Mobile phone data come in several forms, such as signaling data and call detail records (CDR). These data are generated automatically, collected by mobile network operators (MNOs) and commonly referred to as mobile positioning data (MPD). While signaling data provide updates about a mobile phone’s location, CDR provide information on each transaction, be it a telephone call or a text message, such as time, duration, source number, destination number, and approximate location of communications. Location and mobility data can also be harvested from mobile applications that collect users’ geolocation for their services, such as contact tracing apps. But this information is usually collected and held, with users’ consent, by the Internet companies and not the mobile network operators.  

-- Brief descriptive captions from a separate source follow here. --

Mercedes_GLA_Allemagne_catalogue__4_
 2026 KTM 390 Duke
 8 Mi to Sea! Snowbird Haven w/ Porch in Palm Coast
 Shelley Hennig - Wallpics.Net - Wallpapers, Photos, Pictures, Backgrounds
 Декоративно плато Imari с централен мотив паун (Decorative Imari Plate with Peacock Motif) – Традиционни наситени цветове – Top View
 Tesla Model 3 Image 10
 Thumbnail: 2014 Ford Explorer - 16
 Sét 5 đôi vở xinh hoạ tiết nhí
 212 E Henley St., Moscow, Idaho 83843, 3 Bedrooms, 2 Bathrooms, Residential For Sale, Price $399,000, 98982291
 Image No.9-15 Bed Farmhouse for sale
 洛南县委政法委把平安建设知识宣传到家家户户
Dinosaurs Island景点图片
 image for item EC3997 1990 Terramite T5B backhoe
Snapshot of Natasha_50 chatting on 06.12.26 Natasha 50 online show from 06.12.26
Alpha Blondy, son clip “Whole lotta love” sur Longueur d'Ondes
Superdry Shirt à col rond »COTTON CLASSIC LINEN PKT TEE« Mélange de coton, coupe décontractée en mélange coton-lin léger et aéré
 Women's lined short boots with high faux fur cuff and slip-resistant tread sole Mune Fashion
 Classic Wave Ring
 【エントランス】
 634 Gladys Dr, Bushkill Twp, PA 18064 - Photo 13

For several years, the statistical community in Asia and the Pacific has been exploring the use of MPD for tourism, migration, and commuting statistics. For example, Statistics Indonesia partnered with Telkomsel, the country’s largest telecom operator with more than 170 million subscribers, and Positium, an Estonian company specializing in mobile positioning data analysis. Through this partnership, Statistics Indonesia developed algorithms that are applied to Telkomsel’s data within its premises to generate insights into commuting, tourism, metropolitan statistical areas (MSA), and migration. In 2018, it also analyzed mobile positioning data to measure visitors at the ASIAN Games and the WB-IMF Meeting. As a member of the UNCEBD Task Team on Mobile Phone Data, Statistics Indonesia also contributed to the Handbook on the Use of Mobile Phone Data for Official Statistics.

The COVID-19 pandemic put increased focus on the need for timely mobility data. Statistics Indonesia and other statistical offices with access to mobile positioning data, such as Statistics Korea or Data Ventures of Statistics New Zealand, leveraged their partnerships with the MNOs to respond to the pandemic. KOSTAT conducted population movement analysis before and after COVID-19, and Data Ventures developed the Report of COVID-19 impact on Local Council’s central business districts (CBD) Population. The a2i (Access to Information) team of the ICT Ministry of Bangladesh negotiated access to mobile phone data from several telecom operators at the onset of the pandemic to track the spread of COVID-19 in near real-time.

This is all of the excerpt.